2. Building and Sustaining

I have huge admiration for the incredible teams at EMBL’s European Bioinformatics Institute and beyond who build and sustain knowledge resources for the community. It’s something I didn’t appreciate enough before joining Open Targets.

In building our informatics platforms we’ve faced challenges developing our ecosystem as fast as we want to, while controlling technical debt within an active product release cycle. In 2022/2023 we invested significant time to rebuild the Open Targets Platform and that is paying off in 2023/2024 as we have been able to bring more complex features to life such as on-the-fly association scoring and new assessment frameworks for target prioritisation. In 2023/2024 we have focussed on similarly improving infrastructure around Open Targets Genetics and we are now really excited about what our new Gentropy pipelines will enable us to build and sustain for our users.

We see time and again it’s very easy to start something but not as easy to keep it going, that investments in our technical stack may go under the radar at first but are key to propelling our informatics ecosystem forward.


3. Progress and Challenges

There have been enormous strides made by the scientific community in technology and our ability to generate and work with data over the last 10 years. We hope to have made a positive contribution through our work.
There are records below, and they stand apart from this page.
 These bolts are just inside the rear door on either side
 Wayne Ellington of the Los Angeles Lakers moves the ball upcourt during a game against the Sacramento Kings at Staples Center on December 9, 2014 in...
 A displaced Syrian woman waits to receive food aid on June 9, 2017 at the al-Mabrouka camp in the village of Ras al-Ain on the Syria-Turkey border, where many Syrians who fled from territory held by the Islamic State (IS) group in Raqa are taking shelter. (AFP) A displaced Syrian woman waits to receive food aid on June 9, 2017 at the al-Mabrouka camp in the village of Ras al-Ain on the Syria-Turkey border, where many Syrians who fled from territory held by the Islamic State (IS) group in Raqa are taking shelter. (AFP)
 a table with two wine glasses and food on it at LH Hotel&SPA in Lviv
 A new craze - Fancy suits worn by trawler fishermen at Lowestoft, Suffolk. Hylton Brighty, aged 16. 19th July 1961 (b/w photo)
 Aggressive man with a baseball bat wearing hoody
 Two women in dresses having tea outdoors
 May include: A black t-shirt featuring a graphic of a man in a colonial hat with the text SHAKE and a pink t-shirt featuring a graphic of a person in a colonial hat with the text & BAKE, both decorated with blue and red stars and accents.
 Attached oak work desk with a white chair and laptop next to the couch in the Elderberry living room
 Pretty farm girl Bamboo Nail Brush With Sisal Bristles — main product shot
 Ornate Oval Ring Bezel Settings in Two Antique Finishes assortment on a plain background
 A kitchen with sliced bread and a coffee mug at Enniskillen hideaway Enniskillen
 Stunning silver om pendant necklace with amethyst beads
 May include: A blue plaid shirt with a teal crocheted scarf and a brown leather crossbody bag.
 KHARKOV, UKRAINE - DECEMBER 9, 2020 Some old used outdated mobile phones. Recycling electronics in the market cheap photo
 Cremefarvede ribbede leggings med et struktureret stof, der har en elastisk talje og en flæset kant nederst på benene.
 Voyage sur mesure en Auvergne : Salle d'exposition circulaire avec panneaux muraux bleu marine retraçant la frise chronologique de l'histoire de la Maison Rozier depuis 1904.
We also know there is lots more to do and I still think drug target decision making is a difficult problem. We can fundamentally do a lot better in our understanding and definition of disease through patient stratification and by considering progression and treatment response. We are often treating the symptoms rather than the causes of disease. We can find interesting potential targets but not have the modalities to drug them (yet) or ability to connect them effectively to addressable biology. Some of the knowledge we take for granted in the community is incomplete, incorrect or much more dynamic than often represented. It’s still too easy to build a therapeutic hypothesis in a silo, without having the tools to enable systematic and strategic decision making to commit resources effectively to drug discovery programmes. Then even where we are successful, where basic research translates into a drug discovery programme, a drug candidate is found which proves safe and effective in the clinic, many drugs do not benefit all patients.

At Open Targets we have a great foundation to build from and address some of these challenges. To enable more granular, specific therapeutic hypothesis generation in terms of disease, target, tissue, cell and patient. To enable systematic evaluation and prioritisation of therapeutic hypothesis classes as well as the targets within them. To harness the capabilities of emerging transformational technologies in support of that and ultimately share our work to aid efforts to develop safe and effective new medicines.

 

There’s a lot to do and it can be intimidating, but what gets me out of bed in the morning is the progress we’ll make through our current projects and what we will be able to create together with our partners in the future.